Trabajadores del extinto Seguro Popular protestaron esta mañana en el Centro Histórico de la ciudad de Puebla para exigir su reinserción al Instituto de Salud para el Bienestar (INSABI), después de casi 6 meses sin recibir respuesta alguna.

Alrededor de las 10 de la mañana, los manifestantes empezaron un recorrido en la plancha del Zócalo, y posteriormente rumbo al Congreso del Estado, para finalmente llegar a la Secretaría de Salud del Estado de Puebla, ubicada en la 13 sur y 5 poniente.

En este lugar, los ex trabajadores del sector salud denunciaron que desde noviembre del año pasado ya existen reglas de operación  que estipulan que el personal que estaba adscrito al Seguro Popular formarían parte de la planta laboral del Instituto de Salud para el Bienestar.

Acusaron que la Secretaría de Salud del estado de Puebla ha hecho caso omiso a sus quejas desde hace aproximadamente 5 meses y que por este cambio se vieron afectadas hasta 800 personas, sin que hasta el momento se les haya dado noticia alguna de su situación laboral.

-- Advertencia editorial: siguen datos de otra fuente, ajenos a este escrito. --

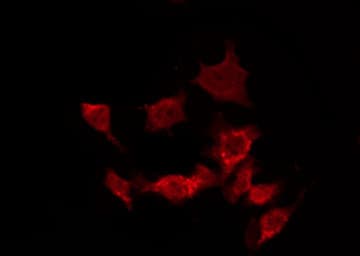 CASP8 / Caspase 8 Antibody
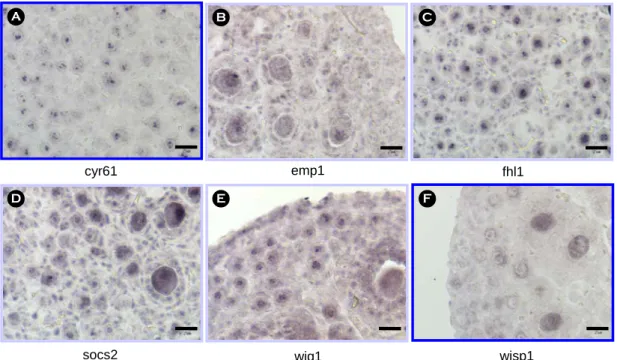 Figure 1. Heat map of  genes related to the cell size  growth obtained from the previous study (Yoon et al.,  2005)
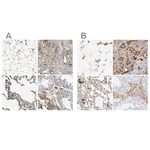 Complement C3 Polyclonal Antibody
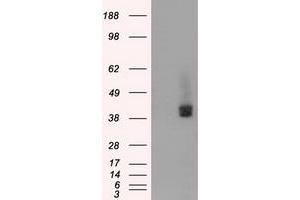 HEK293T cells were transfected with the pCMV6-ENTRY control (Left lane) or pCMV6-ENTRY BSG (Right lane) cDNA for 48 hrs and lysed. (CD147 Antikörper)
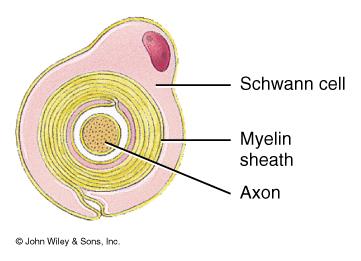 Schwann Cells In PNS The Schwann cells encircle PNS axons Each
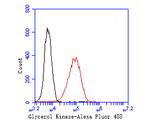 Glycerol kinase Antibody in Flow Cytometry (Flow)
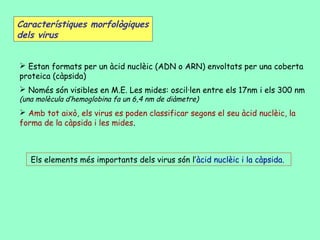 Característiques morfològiques
dels virus


 Estan formats per un àcid nuclèic (ADN o ARN) envoltats per una coberta
proteica (càpsida)
 Només són visibles en M.E. Les mides: oscil·len entre els 17nm i els 300 nm
(una molècula d’hemoglobina fa un 6,4 nm de diàmetre)
 Amb tot això, els virus es poden classificar segons el seu àcid nuclèic, la
forma de la càpsida i les mides.



   Els elements més importants dels virus són l’àcid nuclèic i la càpsida.
 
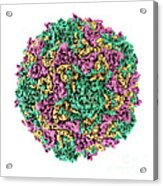 Poliovirus #1 Acrylic Print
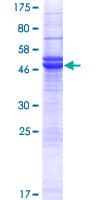 Human PRUNE2 Protein (Recombinant GST)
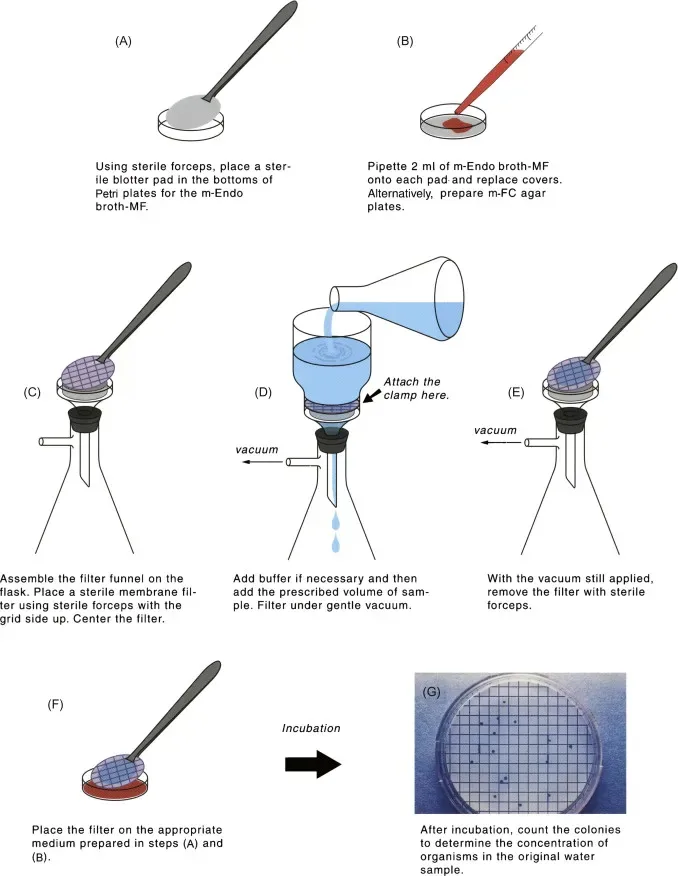Bacteriological Examination of Waters by Using Membrane Filtration Method 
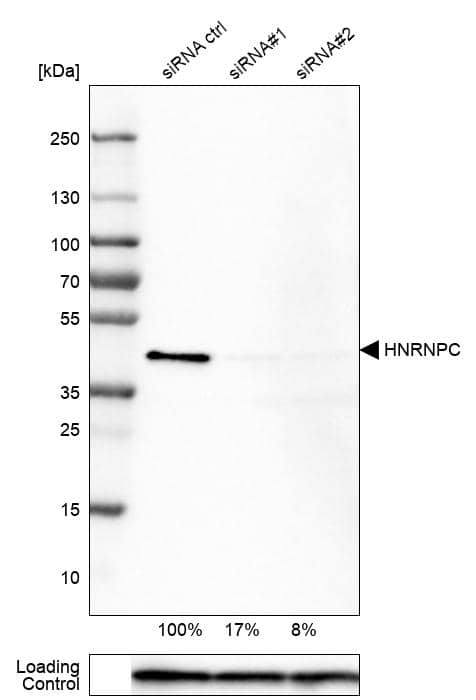 Analysis in U-251MG cells transfected with control siRNA, target specific siRNA probe #1 and #2, using Anti-hnRNP C1 + C2 antibody. Remaining relative intensity is presented. Loading control: Anti-PPIB.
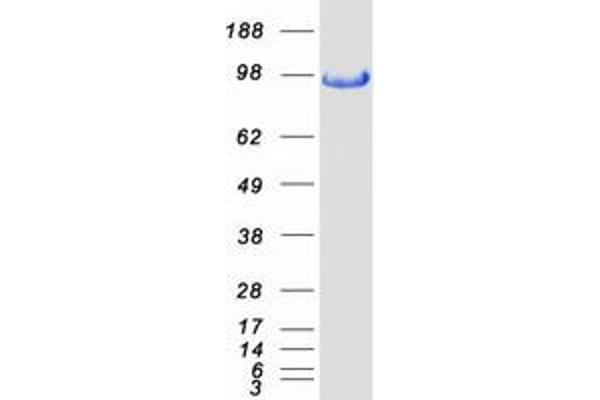 BACH2 Protein (Myc-DYKDDDDK Tag)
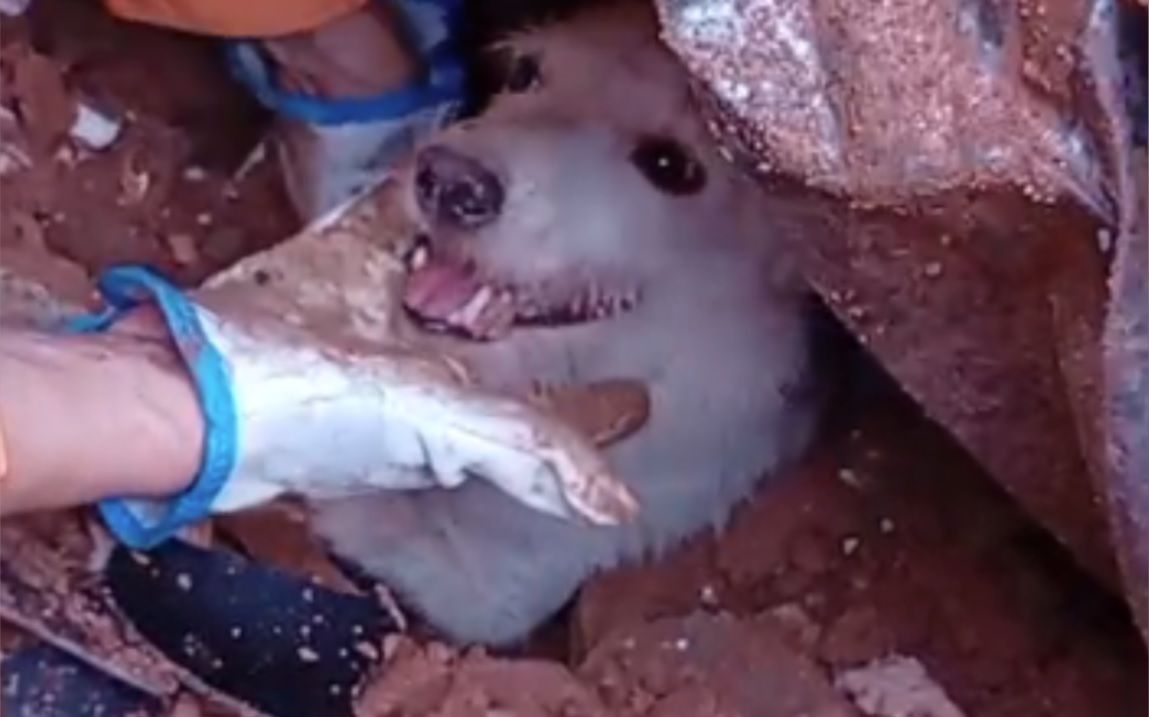 Emocionante: resgate do cachorrinho Pumba em Juiz de Fora viraliza e encanta o Brasil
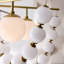 Genesis 5 - Light Chandelier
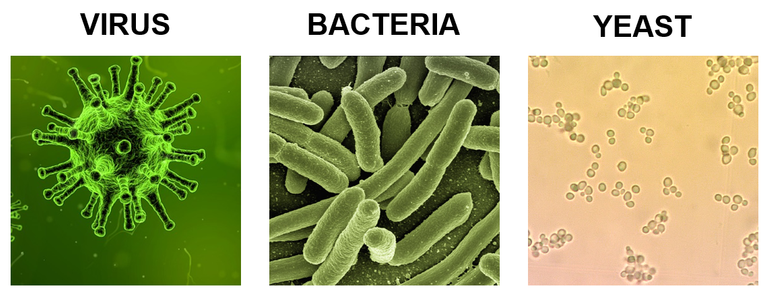 virus bacteria yeas.png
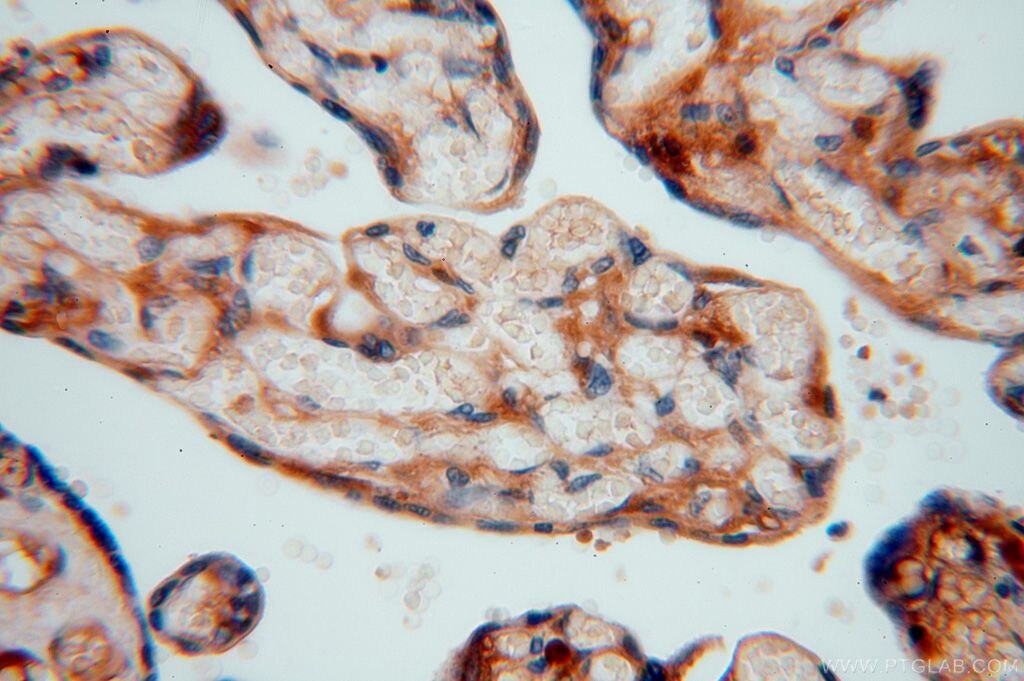 Immunohistochemistry (IHC) staining of human placenta tissue using P3H2 Polyclonal antibody (15723-1-AP)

María Luisa Bonilla, ex trabajadora del Seguro Popular, refirió que en las reglas de operación del INSABI no se estipulo en ningún momento el despido de personal, sin embargo, acusó a Hilda Vázquez, directora de personal operativo de Salud en el estado, de no hacer los trámites correspondientes para que los trabajadores regresen a sus puestos laborales, levantando sospechas entre los afectados de corrupción.

Denunció también que los despidos se dieron violando los derechos de los trabajadores, al no otorgarles los sueldos caídos o finiquitos correspondientes a sus años de labor en el sector salud.

Aclaró que se han dado plazas a trabajadores, pero a pesar de que se han recibido los recursos por parte del gobierno federal, se han ocupado recursos del Estado para pagar estas nóminas, "otorgando sueldos por demás raquíticos", concluyó Luisa Bonilla.

Declararon, también, que el próximo viernes, cuando el subsecretario de salud federal, Hugo López-Gatell, visite Puebla, harán una manifestación para exigir respuestas ya que el recurso federal se entregado puntualmente, sin que el gobierno del estado lo ejerza de manera adecuada. 

Finalmente, alrededor de este mediodía, llegaron a las oficinas de casa Aguayo para exigir un diálogo con el gobernador Miguel Barbosa Huerta, sin que hasta el momento este los haya recibido.